Le Sénat a en outre prévu, toujours à l'initiative de la commission, et malgré l'avis défavorable du Gouvernement qui préférait conserver le droit commun, qu'en cas de responsabilité partagée entre le fabriquant et l'utilisateur d'un produit, l'autorité administrative, et non le juge, répartit de façon proportionnelle les coûts entre les deux, évitant ainsi à l'agriculteur d'exercer une action récursoire contre le fabriquant.
Il a également ouvert la faculté pour le préfet de recouvrer les coûts non seulement auprès de l'exploitant, mais aussi, le cas échéant, auprès du tiers responsable, afin d'éviter à l'exploitant une action récursoire, conformément à l'article 10 de la directive (avis défavorable du Gouvernement).
Le Sénat a ensuite, sur la proposition conjointe des groupes socialiste et CRC et de M. Jean Dessessard et de plusieurs de ses collègues, précisé que le décret compétent pour fixer les objectifs et les critères de choix des mesures de réparation devra respecter l'annexe II de la directive (avis de sagesse du Gouvernement).
Puis le Sénat a supprimé l' article 5 (Plan national d'allocations de quotas de gaz à effet de serre), à l'initiative de la commission, ses dispositions ayant été adoptées dans la loi de finances pour 2008.
Il a ensuite inséré, à l'initiative de la commission :
- un article 6 nouveau tendant à transposer la directive 2005/35/CE relative à la pollution causée par les navires et à l'introduction de sanctions en cas d'infractions de pollution, qui aurait dû l'être avant le 1 er mars 2007, la France ayant reçu un avis motivé de la Commission européenne pour transposition incomplète.

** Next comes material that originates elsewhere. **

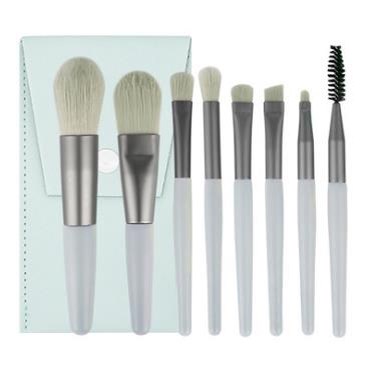 Bilde av Smashit Cosmetics Everyday Brush Set Grey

Elle permet de sanctionner, notamment pénalement, les déversements d'hydrocarbures et d'autres substances nocives effectués par les navires dans les eaux communautaires, quels que soient le type de navire et le pavillon. Les sanctions s'étendront à l'ensemble de la chaîne de transport et concerneront également les fautes résultant d'une « négligence grave ». Les infractions commises en haute mer par les navires de tout pavillon devront être sanctionnées ;
- un article 7 nouveau tendant à achever la transposition des directives 2002/3/CE et 2004/107/CE relatives à la qualité de l'air, qui auraient dû l'être avant respectivement le 9 septembre 2003 et le 15 février 2007. À l'initiative de M. Jean Desessard, le contrôle de la qualité de l'air intérieur a également été ajouté ;
- un article 8 nouveau tendant à apporter quelques corrections à la transposition de la directive 2002/91/CE sur la performance énergétique des bâtiments et des directives 2003/87/CE et 2004/101/CE relatives au système d'échange de quotas d'émission de gaz à effet de serre ;
- un article 9 nouveau tend à simplifier la mise sur le marché de produits biocides en transférant du ministère de l'agriculture au ministère chargé de l'environnement la compétence pour délivrer des autorisations transitoires de mise sur le marché.
À l'initiative de M. Dominique Braye et de plusieurs de ses collègues, le Sénat a ensuite inséré un article 10 nouveau tendant à adapter le code de l'environnement à la réglementation communautaire en matière de déchets électriques et électroniques et de polluants organiques persistants.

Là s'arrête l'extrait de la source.